Long-Term Follow-Up of Patients with 46,XY Partial Gonadal Dysgenesis Reared as Males

1Department of Medical Genetics, Faculty of Medical Sciences, State University of Campinas (UNICAMP), Rua Tessália Vieira de Camargo 126, 13083-887 Campinas, SP, Brazil
2Interdisciplinary Group for the Study of Sex Determination and Differentiation (GIEDDS), State University of Campinas, Campinas, SP, Brazil
3Center for Molecular Biology and Genetic Engineering (CBMEG), State University of Campinas, Campinas, SP, Brazil
4Department of Pediatrics, Faculty of Medical Sciences, State University of Campinas, Campinas, SP, Brazil

Received 22 July 2014; Revised 31 October 2014; Accepted 28 November 2014; Published 14 December 2014

Academic Editor: Muhammad Shahab

Copyright © 2014 Juliana Gabriel Ribeiro de Andrade et al. This is an open access article distributed under the Creative Commons Attribution License, which permits unrestricted use, distribution, and reproduction in any medium, provided the original work is properly cited.

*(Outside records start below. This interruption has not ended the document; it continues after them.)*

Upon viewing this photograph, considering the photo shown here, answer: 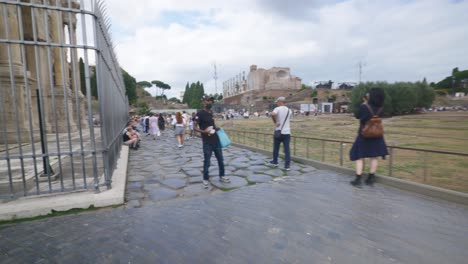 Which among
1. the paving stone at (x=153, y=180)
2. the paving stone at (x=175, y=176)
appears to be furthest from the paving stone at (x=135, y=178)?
the paving stone at (x=175, y=176)

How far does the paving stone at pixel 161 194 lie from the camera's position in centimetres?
366

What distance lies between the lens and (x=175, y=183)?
14.4 ft

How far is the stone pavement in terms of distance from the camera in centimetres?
218

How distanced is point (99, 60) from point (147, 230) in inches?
98.2

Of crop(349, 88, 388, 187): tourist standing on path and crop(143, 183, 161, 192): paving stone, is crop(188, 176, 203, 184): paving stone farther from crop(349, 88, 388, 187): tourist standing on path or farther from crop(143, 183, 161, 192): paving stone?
crop(349, 88, 388, 187): tourist standing on path

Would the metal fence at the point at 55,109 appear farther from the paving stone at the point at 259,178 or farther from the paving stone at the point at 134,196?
the paving stone at the point at 259,178

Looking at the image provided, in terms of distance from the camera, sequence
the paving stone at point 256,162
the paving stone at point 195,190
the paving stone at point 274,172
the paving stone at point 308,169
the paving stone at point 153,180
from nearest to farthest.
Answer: the paving stone at point 195,190
the paving stone at point 153,180
the paving stone at point 274,172
the paving stone at point 308,169
the paving stone at point 256,162

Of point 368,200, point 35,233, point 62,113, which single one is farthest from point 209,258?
point 62,113

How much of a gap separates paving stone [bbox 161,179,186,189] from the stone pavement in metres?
0.16

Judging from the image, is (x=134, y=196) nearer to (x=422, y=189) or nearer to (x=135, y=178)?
(x=135, y=178)

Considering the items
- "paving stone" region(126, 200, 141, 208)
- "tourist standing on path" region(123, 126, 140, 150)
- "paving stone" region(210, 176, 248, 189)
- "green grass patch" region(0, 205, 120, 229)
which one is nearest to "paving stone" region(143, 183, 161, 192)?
"paving stone" region(126, 200, 141, 208)

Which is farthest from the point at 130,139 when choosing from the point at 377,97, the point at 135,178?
the point at 377,97

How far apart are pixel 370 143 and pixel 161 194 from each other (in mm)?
3465

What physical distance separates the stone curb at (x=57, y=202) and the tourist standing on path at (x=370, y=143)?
12.3ft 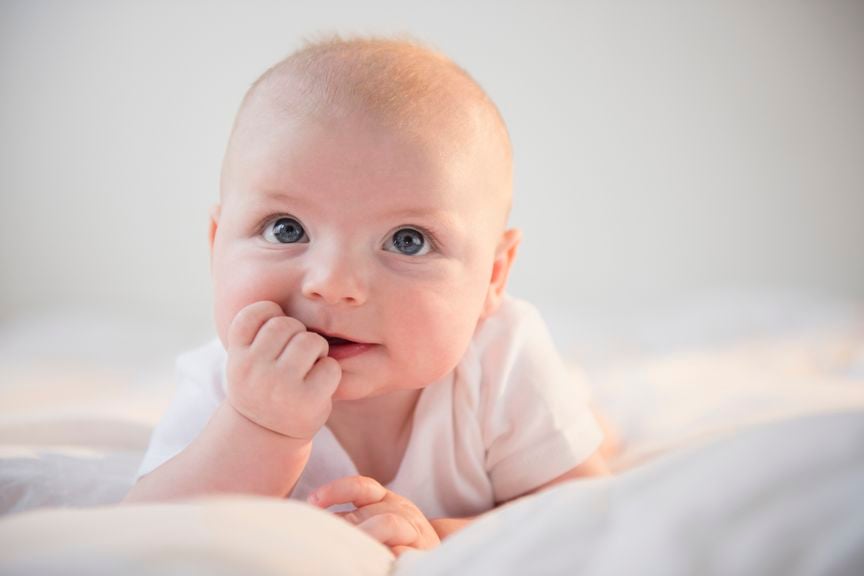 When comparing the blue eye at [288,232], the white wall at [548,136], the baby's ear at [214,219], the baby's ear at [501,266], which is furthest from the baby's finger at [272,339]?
the white wall at [548,136]

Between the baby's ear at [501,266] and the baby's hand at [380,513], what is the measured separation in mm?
320

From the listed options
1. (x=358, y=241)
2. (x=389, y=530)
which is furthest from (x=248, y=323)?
(x=389, y=530)

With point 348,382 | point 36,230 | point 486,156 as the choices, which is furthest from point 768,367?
point 36,230

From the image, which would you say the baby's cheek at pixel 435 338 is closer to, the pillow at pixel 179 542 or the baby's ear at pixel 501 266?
the baby's ear at pixel 501 266

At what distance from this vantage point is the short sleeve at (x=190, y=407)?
Answer: 3.32ft

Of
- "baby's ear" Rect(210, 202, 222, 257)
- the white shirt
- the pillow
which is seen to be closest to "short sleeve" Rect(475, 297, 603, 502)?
the white shirt

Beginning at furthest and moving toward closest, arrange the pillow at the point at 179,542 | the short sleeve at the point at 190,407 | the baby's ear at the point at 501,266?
the baby's ear at the point at 501,266 → the short sleeve at the point at 190,407 → the pillow at the point at 179,542

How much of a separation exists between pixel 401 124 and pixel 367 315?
21 centimetres

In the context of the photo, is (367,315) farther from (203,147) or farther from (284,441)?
(203,147)

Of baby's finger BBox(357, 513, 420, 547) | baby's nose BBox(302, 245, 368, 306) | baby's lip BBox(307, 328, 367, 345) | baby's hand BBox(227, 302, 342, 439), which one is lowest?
baby's finger BBox(357, 513, 420, 547)

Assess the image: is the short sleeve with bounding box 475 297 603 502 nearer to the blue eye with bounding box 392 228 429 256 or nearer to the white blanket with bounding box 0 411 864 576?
the blue eye with bounding box 392 228 429 256

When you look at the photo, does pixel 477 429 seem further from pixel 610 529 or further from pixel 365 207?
pixel 610 529

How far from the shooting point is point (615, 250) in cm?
294

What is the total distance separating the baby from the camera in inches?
34.5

Background/Aims. Studies on 46,XY partial gonadal dysgenesis (PGD) have focused on molecular, gonadal, genital, and hormone features; little is known about follow-up. Our aim was to analyze long-term outcomes of PGD. Methods. Retrospective longitudinal study conducted at a reference service in Brazil. Ten patients were first evaluated in the 1990s and followed up until the 2010s; follow-up ranged from 13.5 to 19.7 years. All were reared as males and had at least one scrotal testis; two bore NR5A1 mutations. Main outcomes were: associated conditions, pubertal development, and growth. Results. All patients had normal motor development but three presented cognitive impairment; five had various associated conditions. At the end of the prepubertal period, FSH was high or high-normal in 3/6 patients; LH was normal in all. At the last evaluation, FSH was high or high-normal in 8/10; LH was high or high-normal in 5/10; testosterone was decreased in one. Final height in nine cases ranged from −1.57 to 0.80 SDS. All had spontaneous puberty; only one needed androgen therapy. Conclusions. There is good prognosis for growth and spontaneous pubertal development but not for fertility. Though additional studies are required, screening for learning disabilities is advisable.